Monday, January 25, 2010

Glenn Greenwald in the dust-bin

If you were wondering where the link to Glenn Greenwald's blog on salon.com on the top left column of this page went, I deliberately erased it. Why?

The Supreme Court in a 5-4 decision overturned over 100 years of jurisprudence and struck down all limits on corporate spending on political campaigns. Glenn Greenwald supports that decision, which is fine by me. The basis of his reasoning is that the Bill of Rights, and specifically the First Amendment is absolute: either a law is consonant with the strict letter of the Constitution or it is not. Since
Congress shall make no law respecting an establishment of religion, or prohibiting the free exercise thereof; or abridging the freedom of speech, or of the press; or the right of the people peaceably to assemble, and to petition the Government for a redress of grievances.
there are no limits to free speech, and the Supreme Court decision is right. (There is more, on whether money is equivalent to speech, and whether corporations, but these are really digressions from the real issue).

Again, so far, no complaints.

My view is different: the Bill of Rights does nothing to handle the competing claims against it. For instance, can the Muslim call for prayers be done over loudspeakers, as it is done in India? What about the right of people to a reasonable expectation of quiet? Do school students have unlimited free speech? What about school discipline? (The Supreme Court has upheld limits on students' rights on these very grounds.) The only way to balance these competing incompatible claims is to look at the outcomes and to decide which one is acceptable by contemporary standards and that is beneficient to society. The Congress has the task of making such choices (the courts can review them).

Glenn Greenwald does not accept this reasoning as even a legitimate point of view that we can agree to disagree on. For him only the absolutist reasoning is legitimate. As per him, those of us who share my reasoning are for the Constitution when it supports what we want and against it when it goes against us. His stance reminds me of that of the Islamic fundamentalist, to whom those who don't agree with him is munafiq.

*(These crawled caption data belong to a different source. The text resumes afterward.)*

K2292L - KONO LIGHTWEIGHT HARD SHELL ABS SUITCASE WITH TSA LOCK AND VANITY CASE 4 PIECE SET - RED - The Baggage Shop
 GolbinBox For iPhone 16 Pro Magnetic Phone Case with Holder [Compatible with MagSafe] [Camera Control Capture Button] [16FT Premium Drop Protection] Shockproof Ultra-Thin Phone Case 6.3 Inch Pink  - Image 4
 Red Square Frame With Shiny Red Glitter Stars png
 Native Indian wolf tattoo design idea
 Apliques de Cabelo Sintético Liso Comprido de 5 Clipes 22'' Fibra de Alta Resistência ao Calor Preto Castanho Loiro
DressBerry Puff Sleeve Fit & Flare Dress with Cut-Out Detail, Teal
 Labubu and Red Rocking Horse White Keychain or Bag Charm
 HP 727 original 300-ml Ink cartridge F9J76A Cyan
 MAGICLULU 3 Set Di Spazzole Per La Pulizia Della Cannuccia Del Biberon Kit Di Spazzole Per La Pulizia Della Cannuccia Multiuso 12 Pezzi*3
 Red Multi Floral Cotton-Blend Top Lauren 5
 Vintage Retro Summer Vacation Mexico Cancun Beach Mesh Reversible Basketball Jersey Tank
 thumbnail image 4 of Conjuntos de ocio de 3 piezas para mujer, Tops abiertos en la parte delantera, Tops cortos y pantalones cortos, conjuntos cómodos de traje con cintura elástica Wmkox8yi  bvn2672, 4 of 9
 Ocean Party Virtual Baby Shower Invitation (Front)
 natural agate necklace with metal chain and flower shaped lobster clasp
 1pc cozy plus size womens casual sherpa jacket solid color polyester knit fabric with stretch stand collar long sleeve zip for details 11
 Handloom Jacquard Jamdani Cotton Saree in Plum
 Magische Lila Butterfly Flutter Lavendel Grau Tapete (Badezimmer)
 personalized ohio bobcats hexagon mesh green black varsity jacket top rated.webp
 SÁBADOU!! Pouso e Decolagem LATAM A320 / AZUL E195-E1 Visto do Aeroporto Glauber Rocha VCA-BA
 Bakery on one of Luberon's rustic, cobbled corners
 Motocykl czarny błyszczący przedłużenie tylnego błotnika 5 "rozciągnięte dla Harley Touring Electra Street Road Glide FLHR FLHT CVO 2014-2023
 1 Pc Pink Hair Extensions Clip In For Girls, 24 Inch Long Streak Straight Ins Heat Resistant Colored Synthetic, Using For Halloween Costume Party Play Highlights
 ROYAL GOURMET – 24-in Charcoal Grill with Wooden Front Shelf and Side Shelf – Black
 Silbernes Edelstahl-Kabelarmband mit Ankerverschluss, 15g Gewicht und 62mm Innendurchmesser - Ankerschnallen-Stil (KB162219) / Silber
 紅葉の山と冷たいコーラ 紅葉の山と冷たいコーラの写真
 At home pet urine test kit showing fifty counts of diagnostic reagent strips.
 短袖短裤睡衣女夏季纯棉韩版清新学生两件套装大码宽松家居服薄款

I can understand the absolutist point of view, its fear of slippery slopes - if we yield an inch to the Congress, it will take a mile. To absolutists, rights (as in the text of the Constitution) are given sacred text, rather than conventions the Founding Fathers engineered precisely by considering (the historical experience of) the outcomes of not following the conventions, the outcome of judicial decisions is not important, all that matters is the adherence to text. I happily agree that when we have no good guide, then following the text strictly may be the best thing to do. But the century-plus of legislation on this issue arose precisely because following the text strictly didn't work; and there is a century worth of just-as-distinguished justices who did not find this legislation to be abridging the First Amendment.

I don't support fundamentalists of any type, and Greenwald's recent articles establish him to be one, by my way of thinking. Hence the move to the trash.